_Exercise requirements_
The entries below contain pictures, which are to be left out; write out exactly, and only, the lines from the line with "3rd image of 48694 Quail Run Dr S" up to and including the line with "13 Moore Road, Kewarra Beach, QLD 4879 AUS".
Start of Records provided
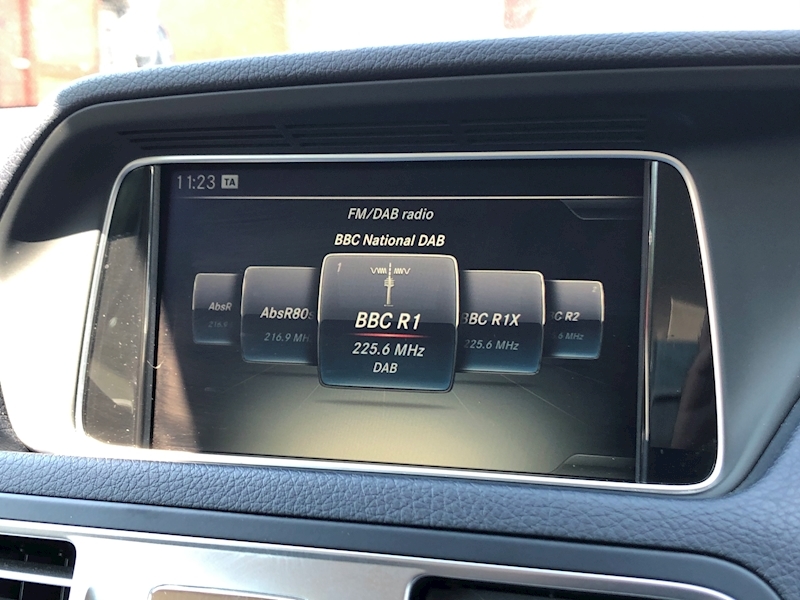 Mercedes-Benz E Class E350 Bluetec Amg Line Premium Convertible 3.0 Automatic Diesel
End of Records provided
Start of Records provided
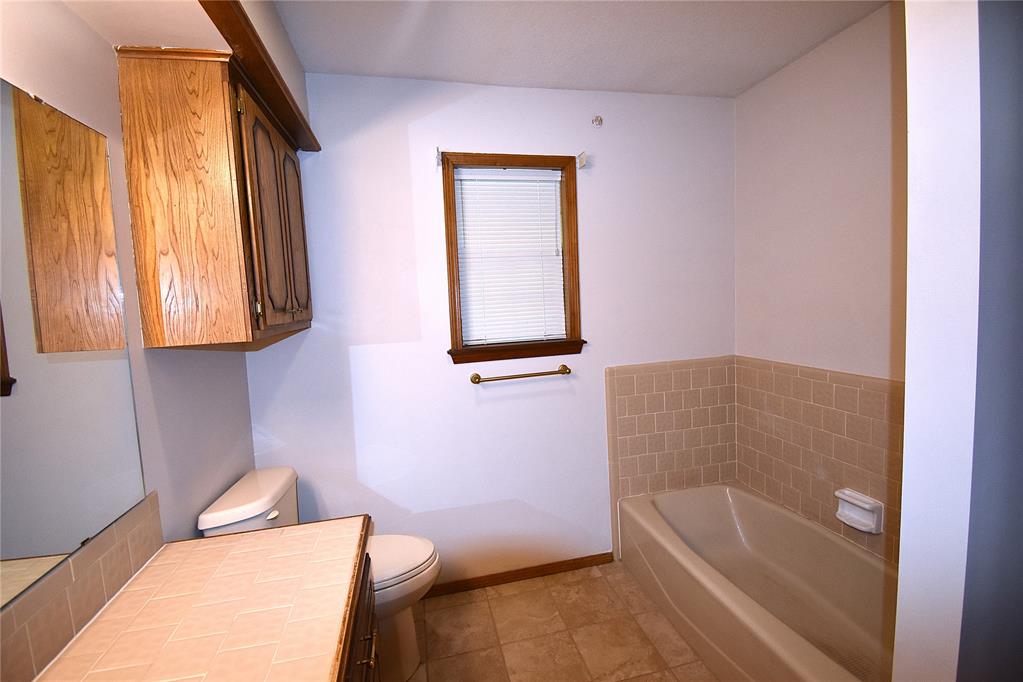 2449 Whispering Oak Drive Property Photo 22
End of Records provided
Start of Records provided
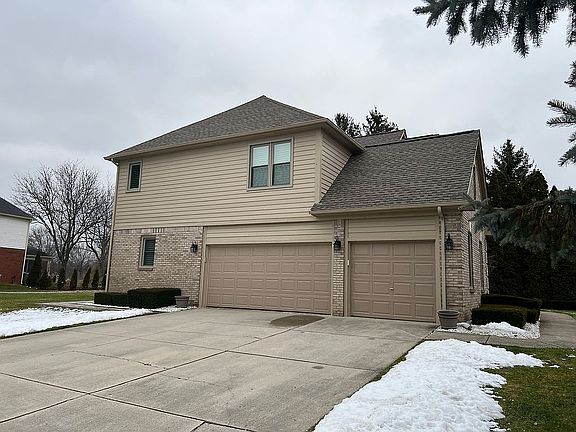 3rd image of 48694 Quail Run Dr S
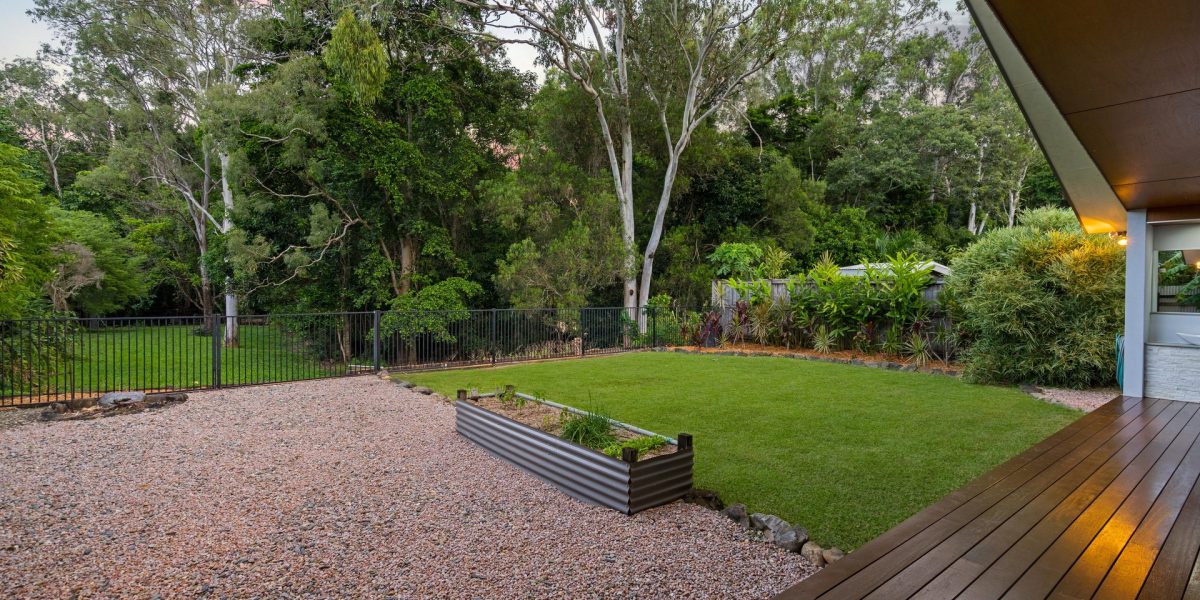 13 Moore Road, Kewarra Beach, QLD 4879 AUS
End of Records provided
_Result of this exercise_
 3rd image of 48694 Quail Run Dr S
 13 Moore Road, Kewarra Beach, QLD 4879 AUS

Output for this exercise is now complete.